Classic Bikes / IMZ M-72

IMZ M-72

The IMZ M-72 is a Soviet sidecar motorcycle that was made by the IMZ for the Red Army during the Second World War. The bike continued to be produced for the Red Army after the end of war but the military version was made by the Kiev-based KMZ factory (from 1955), while the IMZ produced civil versions. In 1957, it was succeeded by the M-72M but the original M-72 continues to be produced in China to the present-day.

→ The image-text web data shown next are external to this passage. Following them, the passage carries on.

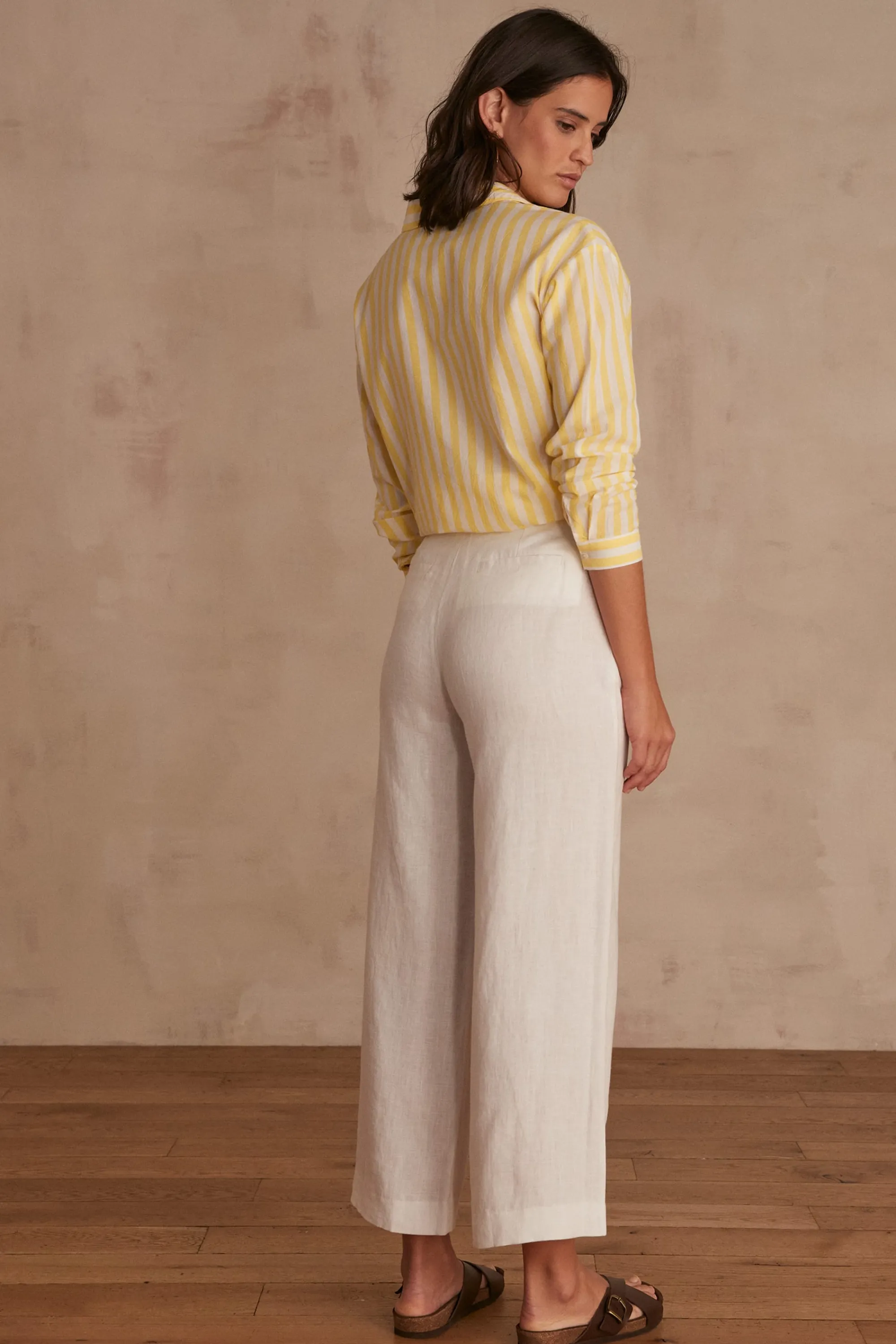 Maison 123 Pantalons Fluides | Pantalons Larges>Pantalon droit en lin Pio Produit labellisé We Care mettant en avant l'utilisation de matières plus responsables et la valorisation de la production locale BLANC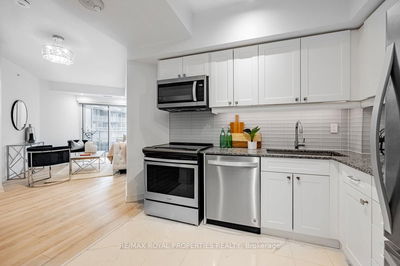 Unit 303 — 621 Sheppard Ave, Toronto - Bayview Village image-0-3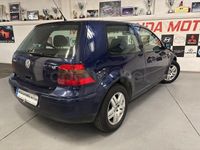 Usado VW Golf IV Highline 105 CV (77 kW) 2002 Azul Berlina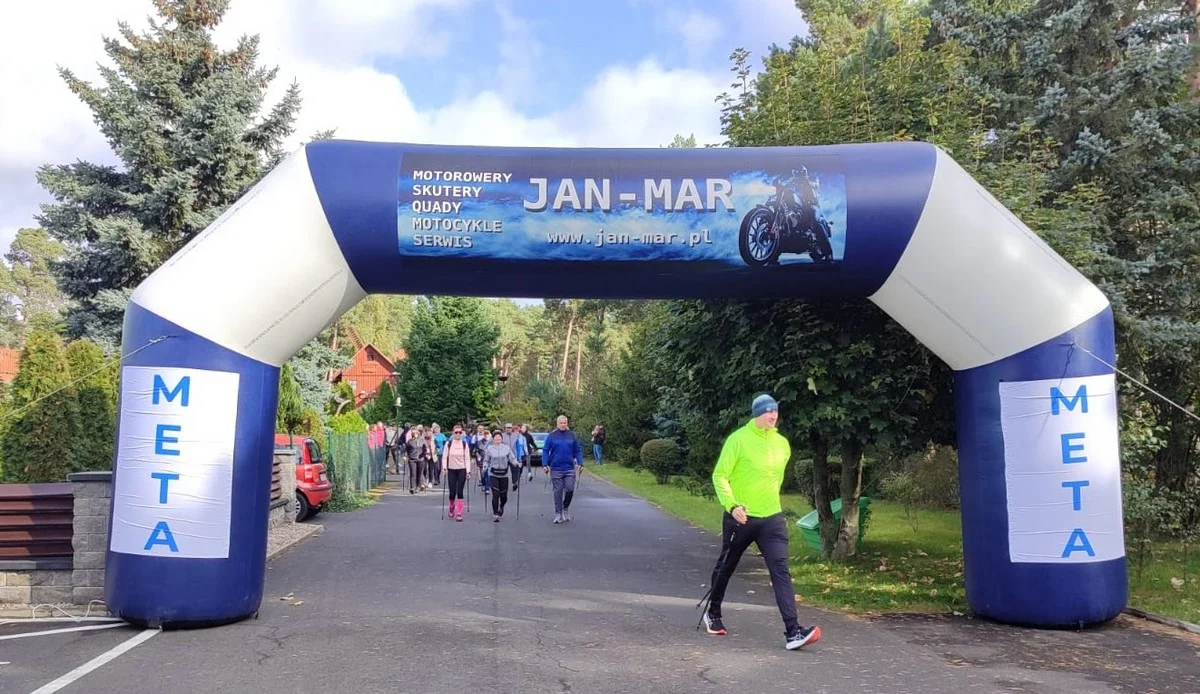 V Marsz po zdrowia z nordic walking w ramach Leśna Triada 2025 w Piaskach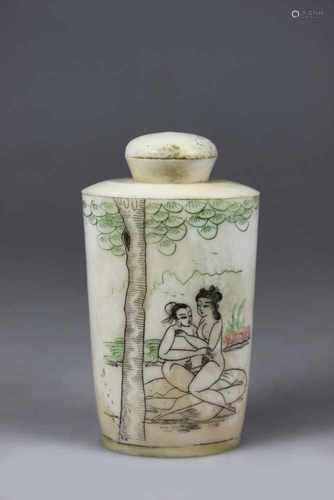 Snuff Bottle, China 20. Jh., Bein, beidseitg erotische Darstellungen, H.: 7,5 cm.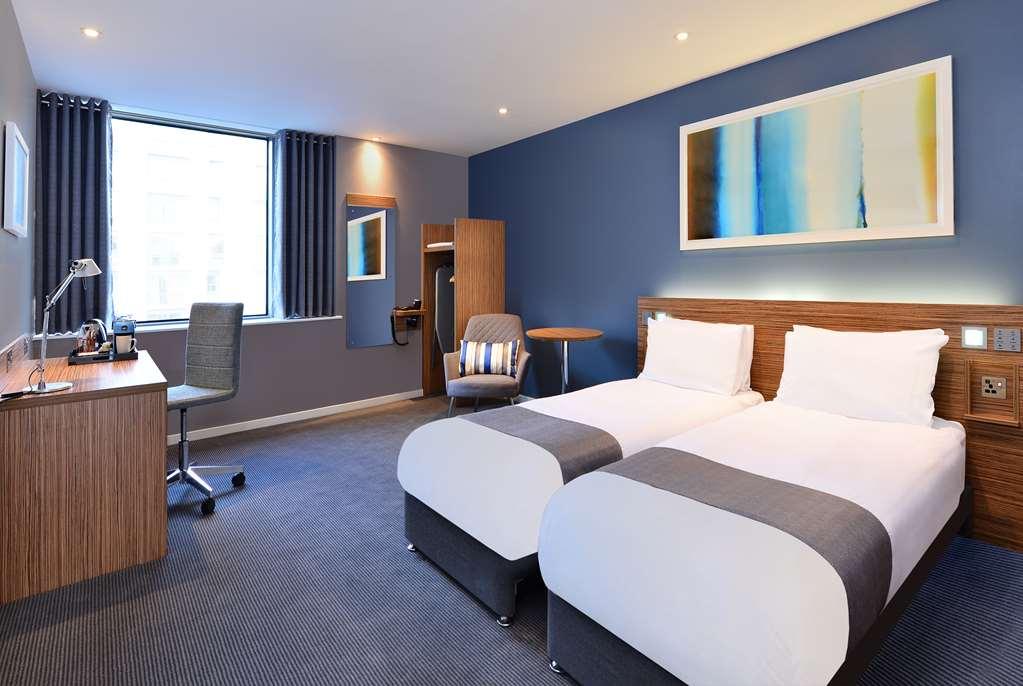 Mercure London Gatwick Airport Horley Zimmer foto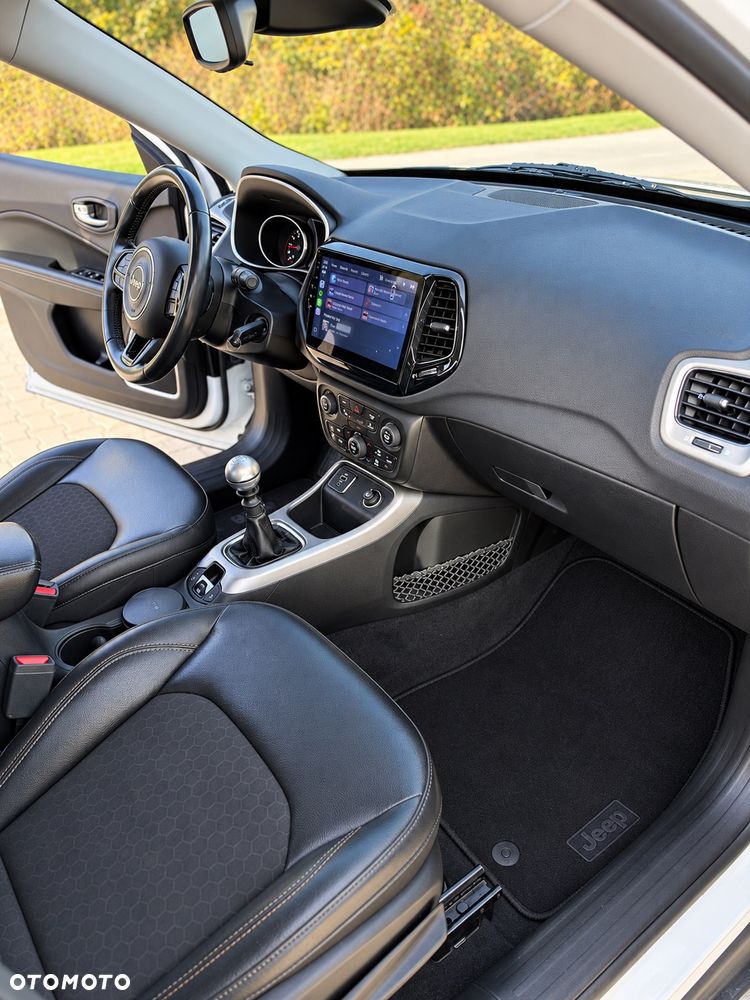 Jeep Compass - 9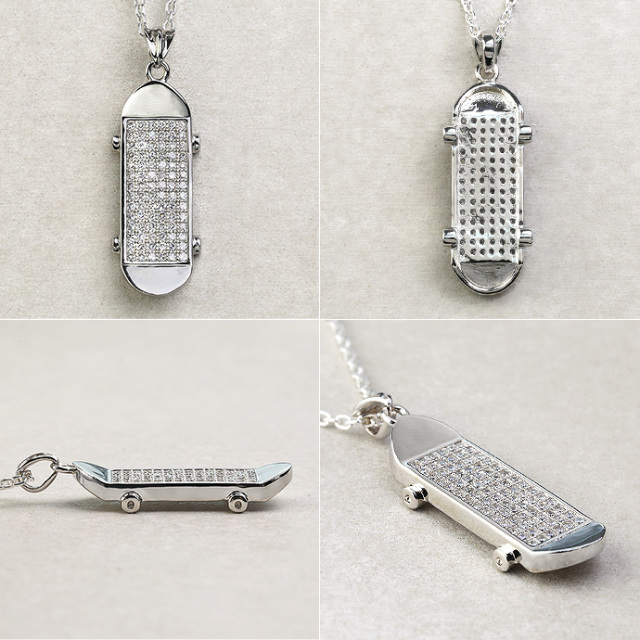 パヴェ スケートボード ペンダント ≪トップのみ≫ メンズ ネックレス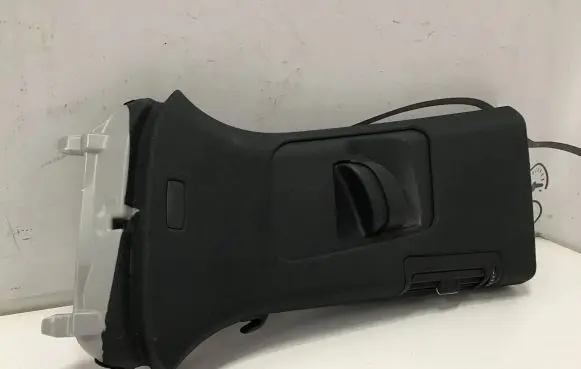 Volkswagen Touareg III (B) pillar trim (top) 760867243E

Production History of IMZ M-72

There are two versions about the development of the M-72 sidecar motorcycle. According to one story, five BMW R71 were smuggled into the Soviet Union in 1939 and used as a basis for the M-72 which was first produced in 1941. The prototypes were shown to Stalin who gave a green light for the mass production. According to the second version, the BMW R71 construction plans were given to the USSR by the Nazi Germany after the so-called Molotov-Ribbentrop Pact, signed in 1939. Either way, the Soviets developed the M-72 with reverse engineering which was actually quite common at the time. For example, the Harley-Davidson XA was based on the BMW R71 as well.

Shortly after the first M-72 was presented to Stalin, the Soviet Union was attacked by the Nazi Germany and the production of the bikes moved to the IMZ factory in a small town of Irbit in the Ural Mountains. After the end of war, the IMZ continued to produce M-72 for the Red Army until 1955 when the production moved to the KMZ factory in Ukraine. The IMZ produced M-72s for civilian use until 1956 and then a similar model called the M-72N. As mentioned earlier, the M-72 production moved to China in 1957.

In the West

Due to the Cold War, the Ural (Russian) and Dnepr (Ukrainian) sidecar motorcycles became available in the West only in the 1970s. In the UK, they were imported and distributed from 1973 and 1979 by the Satra Motors, a subsidiary of the Satra Corporation which was the official importer of Soviet motorcycles and cars in the UK, US and Australia.